#### EXERCISE DETAILS
Filter the records below for the word "Chinese". Copy each line that holds it.

#### SUPPLIED MATERIAL
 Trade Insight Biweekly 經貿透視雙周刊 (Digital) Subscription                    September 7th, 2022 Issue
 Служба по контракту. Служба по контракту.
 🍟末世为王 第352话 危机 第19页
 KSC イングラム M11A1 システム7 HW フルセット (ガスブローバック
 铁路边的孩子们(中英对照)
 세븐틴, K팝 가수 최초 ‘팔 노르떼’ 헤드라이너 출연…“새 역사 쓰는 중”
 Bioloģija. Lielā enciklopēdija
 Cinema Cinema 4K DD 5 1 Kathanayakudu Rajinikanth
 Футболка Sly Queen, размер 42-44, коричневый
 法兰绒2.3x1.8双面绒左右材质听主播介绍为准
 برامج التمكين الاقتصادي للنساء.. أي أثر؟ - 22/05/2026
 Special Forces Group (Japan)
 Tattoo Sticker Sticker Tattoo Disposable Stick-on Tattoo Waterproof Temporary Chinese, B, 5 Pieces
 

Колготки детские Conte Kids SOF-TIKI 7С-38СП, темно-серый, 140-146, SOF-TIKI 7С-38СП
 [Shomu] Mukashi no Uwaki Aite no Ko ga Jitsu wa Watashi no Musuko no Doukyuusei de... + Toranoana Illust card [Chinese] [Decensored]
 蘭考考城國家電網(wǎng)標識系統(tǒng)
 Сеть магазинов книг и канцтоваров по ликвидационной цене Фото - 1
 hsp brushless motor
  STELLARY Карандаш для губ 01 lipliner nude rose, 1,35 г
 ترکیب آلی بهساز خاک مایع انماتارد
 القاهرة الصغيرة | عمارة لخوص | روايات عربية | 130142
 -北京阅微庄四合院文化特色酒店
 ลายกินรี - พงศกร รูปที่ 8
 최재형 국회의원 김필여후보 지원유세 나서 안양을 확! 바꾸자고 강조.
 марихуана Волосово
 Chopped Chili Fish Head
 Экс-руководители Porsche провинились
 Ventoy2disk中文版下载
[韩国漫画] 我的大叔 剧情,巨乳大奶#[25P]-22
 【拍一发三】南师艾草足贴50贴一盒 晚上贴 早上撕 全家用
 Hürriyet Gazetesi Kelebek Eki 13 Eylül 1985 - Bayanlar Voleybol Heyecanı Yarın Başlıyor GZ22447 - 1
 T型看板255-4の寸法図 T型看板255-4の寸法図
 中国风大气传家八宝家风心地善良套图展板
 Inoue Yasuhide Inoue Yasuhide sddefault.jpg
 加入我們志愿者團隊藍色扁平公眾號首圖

#### ANSWER BELOW
 Tattoo Sticker Sticker Tattoo Disposable Stick-on Tattoo Waterproof Temporary Chinese, B, 5 Pieces
 [Shomu] Mukashi no Uwaki Aite no Ko ga Jitsu wa Watashi no Musuko no Doukyuusei de... + Toranoana Illust card [Chinese] [Decensored]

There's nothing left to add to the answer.